Questioner: What about the factory worker or the office employee? Is he an artist? Doesn’t his work preclude skill in action and so deaden him that he has no skill in anything else either? Is he not conditioned by his work?

Krishnamurti: Of course he is. But if he wakes up he will either leave his work or so transform it that it becomes artistry. What is important is not the work but the waking up to the work. What is important is not the conditioning of the work but to wake up.

Questioner: What do you mean, wake up?

Krishnamurti: Are you awakened only by circumstances, by challenges, by some disaster or joy? Or is there a state of being awake without any cause? If you are awakened by an event, a cause, then you depend on it, and when you any dependence is the end of skill, the end of artistry.

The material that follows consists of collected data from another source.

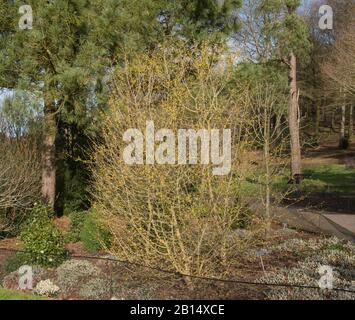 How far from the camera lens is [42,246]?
10164mm

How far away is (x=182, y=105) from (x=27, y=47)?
19.3 ft

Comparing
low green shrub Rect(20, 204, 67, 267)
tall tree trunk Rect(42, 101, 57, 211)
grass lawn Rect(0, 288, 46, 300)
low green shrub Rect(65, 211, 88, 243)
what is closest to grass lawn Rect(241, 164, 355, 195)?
low green shrub Rect(65, 211, 88, 243)

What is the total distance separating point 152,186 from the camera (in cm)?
780

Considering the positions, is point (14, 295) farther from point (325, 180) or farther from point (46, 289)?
point (325, 180)

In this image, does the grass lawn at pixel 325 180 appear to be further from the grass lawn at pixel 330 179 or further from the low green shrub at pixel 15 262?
the low green shrub at pixel 15 262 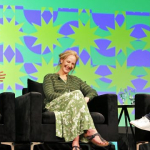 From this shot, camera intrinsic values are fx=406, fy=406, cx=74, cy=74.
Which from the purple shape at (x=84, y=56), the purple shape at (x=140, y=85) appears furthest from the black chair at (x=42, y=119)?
the purple shape at (x=140, y=85)

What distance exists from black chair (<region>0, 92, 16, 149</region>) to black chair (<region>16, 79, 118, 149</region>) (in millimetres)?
107

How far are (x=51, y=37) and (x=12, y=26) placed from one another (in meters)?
0.57

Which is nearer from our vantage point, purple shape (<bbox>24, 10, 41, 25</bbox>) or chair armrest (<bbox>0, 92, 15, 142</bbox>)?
chair armrest (<bbox>0, 92, 15, 142</bbox>)

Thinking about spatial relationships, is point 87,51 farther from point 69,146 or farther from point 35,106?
point 35,106

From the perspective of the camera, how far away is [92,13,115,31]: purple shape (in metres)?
5.93

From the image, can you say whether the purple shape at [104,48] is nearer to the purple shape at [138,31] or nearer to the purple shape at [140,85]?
the purple shape at [138,31]

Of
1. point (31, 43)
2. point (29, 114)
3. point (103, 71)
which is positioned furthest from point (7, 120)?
point (103, 71)

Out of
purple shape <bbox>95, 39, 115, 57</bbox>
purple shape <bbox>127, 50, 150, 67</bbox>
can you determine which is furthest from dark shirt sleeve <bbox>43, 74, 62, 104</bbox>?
purple shape <bbox>127, 50, 150, 67</bbox>

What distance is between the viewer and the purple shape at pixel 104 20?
5.93 m

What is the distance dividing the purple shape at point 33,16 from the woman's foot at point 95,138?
7.82 ft

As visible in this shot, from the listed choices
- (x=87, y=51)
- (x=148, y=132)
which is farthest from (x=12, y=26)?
(x=148, y=132)

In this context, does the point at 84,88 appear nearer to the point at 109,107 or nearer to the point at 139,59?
the point at 109,107

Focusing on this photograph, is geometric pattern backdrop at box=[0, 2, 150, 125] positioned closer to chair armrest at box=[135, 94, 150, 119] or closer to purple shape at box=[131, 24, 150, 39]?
purple shape at box=[131, 24, 150, 39]

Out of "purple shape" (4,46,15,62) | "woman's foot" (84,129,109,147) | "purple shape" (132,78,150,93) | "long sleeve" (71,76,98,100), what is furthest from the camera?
"purple shape" (132,78,150,93) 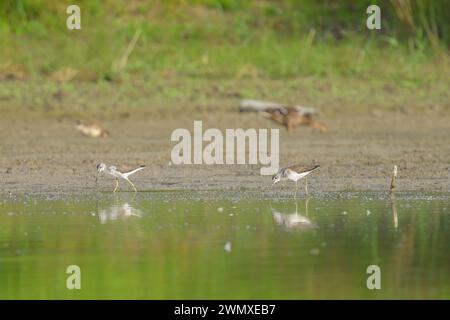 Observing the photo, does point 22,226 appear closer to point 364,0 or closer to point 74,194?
point 74,194

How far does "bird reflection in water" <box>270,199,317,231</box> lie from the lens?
9.27m

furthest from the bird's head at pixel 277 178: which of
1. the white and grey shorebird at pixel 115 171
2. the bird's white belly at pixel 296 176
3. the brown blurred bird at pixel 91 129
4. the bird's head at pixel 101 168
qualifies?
the brown blurred bird at pixel 91 129

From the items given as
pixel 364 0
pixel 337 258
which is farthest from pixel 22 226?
pixel 364 0

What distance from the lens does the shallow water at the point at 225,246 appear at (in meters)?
7.37

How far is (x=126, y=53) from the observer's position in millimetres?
16156

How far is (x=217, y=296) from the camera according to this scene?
281 inches

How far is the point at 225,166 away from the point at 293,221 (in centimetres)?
292

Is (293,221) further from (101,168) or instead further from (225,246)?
(101,168)

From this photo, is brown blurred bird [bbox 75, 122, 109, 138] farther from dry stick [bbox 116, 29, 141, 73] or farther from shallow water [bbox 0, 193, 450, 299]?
shallow water [bbox 0, 193, 450, 299]

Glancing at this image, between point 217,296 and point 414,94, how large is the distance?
8775 millimetres

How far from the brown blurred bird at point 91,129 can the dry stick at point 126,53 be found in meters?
2.39

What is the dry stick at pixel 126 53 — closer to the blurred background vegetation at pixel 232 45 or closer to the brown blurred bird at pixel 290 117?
the blurred background vegetation at pixel 232 45

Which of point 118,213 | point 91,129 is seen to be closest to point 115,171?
point 118,213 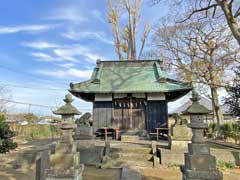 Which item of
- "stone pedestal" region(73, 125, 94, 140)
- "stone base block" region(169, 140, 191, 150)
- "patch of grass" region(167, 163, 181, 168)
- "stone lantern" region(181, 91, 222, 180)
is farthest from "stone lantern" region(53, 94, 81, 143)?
"stone base block" region(169, 140, 191, 150)

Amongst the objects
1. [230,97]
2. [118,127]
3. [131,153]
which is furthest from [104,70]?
[230,97]

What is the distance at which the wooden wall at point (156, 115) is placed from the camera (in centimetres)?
1321

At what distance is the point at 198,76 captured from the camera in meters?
20.2

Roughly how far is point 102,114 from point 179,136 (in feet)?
18.9

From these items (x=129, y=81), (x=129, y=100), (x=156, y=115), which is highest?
(x=129, y=81)

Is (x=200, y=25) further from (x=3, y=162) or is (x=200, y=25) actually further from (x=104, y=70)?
(x=3, y=162)

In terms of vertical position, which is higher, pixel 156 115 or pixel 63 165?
pixel 156 115

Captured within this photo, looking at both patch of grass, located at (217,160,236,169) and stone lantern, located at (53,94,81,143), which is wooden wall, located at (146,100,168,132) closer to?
patch of grass, located at (217,160,236,169)

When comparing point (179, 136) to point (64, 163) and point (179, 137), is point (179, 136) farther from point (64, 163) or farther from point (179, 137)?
point (64, 163)

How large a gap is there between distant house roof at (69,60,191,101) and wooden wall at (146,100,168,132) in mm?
905

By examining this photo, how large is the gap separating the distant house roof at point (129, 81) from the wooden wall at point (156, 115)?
905 millimetres

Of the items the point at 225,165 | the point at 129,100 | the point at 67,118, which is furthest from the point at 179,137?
the point at 67,118

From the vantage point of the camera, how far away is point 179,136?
31.3 ft

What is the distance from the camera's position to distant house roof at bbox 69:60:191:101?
1279 cm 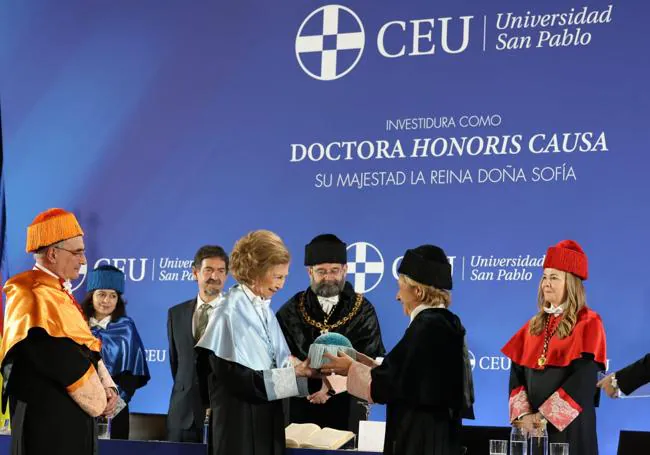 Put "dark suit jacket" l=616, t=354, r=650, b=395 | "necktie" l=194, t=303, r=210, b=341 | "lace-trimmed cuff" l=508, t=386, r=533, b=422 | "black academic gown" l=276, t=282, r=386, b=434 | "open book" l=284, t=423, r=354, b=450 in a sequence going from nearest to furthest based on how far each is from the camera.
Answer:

Questioner: What is this other awakened state that has no cause? You are talking about a state in which there is neither a cause nor an effect. Can there be a state of mind that is not the result of some cause? I don’t understand that because surely everything we think and everything we are is the result of a cause? There is the endless chain of cause and effect.

Krishnamurti: This chain of cause and effect is endless because the effect becomes the cause and the cause begets further effects, and so on.

Questioner: Then what action is there outside this chain?

Krishnamurti: All we know is action with a cause, a motive, action which is a result. All action is in relationship. If relationship is based on cause it is cunning adaptation, and therefore inevitably leads to another form of dullness. Love is the only thing that is causeless, that is free; it is beauty, it is skill, it is art. Without love there is no art. When the artist is playing beautifully there is no “me; there is love and beauty, and this is art. This is skill in action. Skill in action is the absence of the “me”. Art is the absence of the “me”. But when you neglect the whole field of life and concentrate only on a little part – however much the “me” may then be absent, you are still living unskilfully and therefore you are not an artist of life. The absence of “me” in living is love and beauty, which brings its own skill.

This is the greatest art: living skilfully in the whole field of Life.

Questioner: Oh Lord! How am I to do that? I see it and feel it in my heart but how can I maintain it?

Krishnamurti: There is no way to maintain it, there is no way to nourish it, there is no practising of it; there is only the seeing of it. Seeing is the greatest of all skills.